* RAW DATA
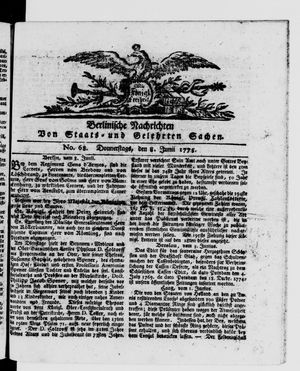 Berlinische Nachrichten von Staats- und gelehrten Sachen vom 08.06.1775
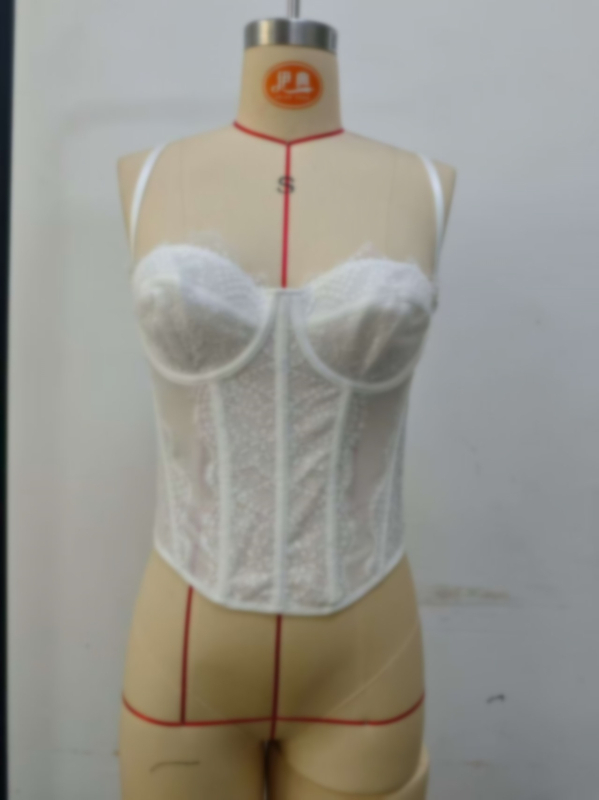 Мрежест корсет с костилки, топ за гръден кош, ултра тънки чашки, дишащ дизайн, без презрамки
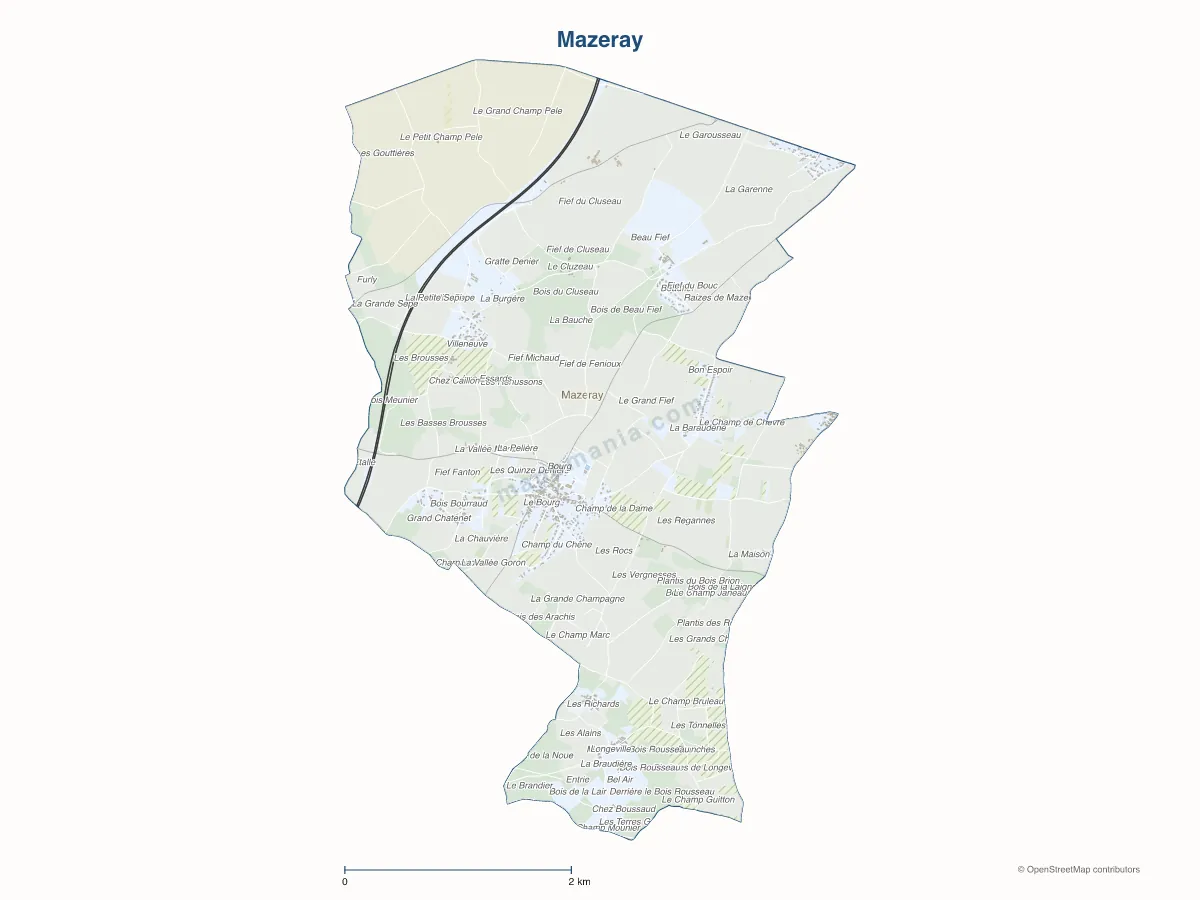 Carte de Mazeray à personnaliser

* DIRECTIONS FOR THIS TASK
Output the listing exactly, without images.

* PROBLEM SOLUTION
 Berlinische Nachrichten von Staats- und gelehrten Sachen vom 08.06.1775
 Мрежест корсет с костилки, топ за гръден кош, ултра тънки чашки, дишащ дизайн, без презрамки
 Carte de Mazeray à personnaliser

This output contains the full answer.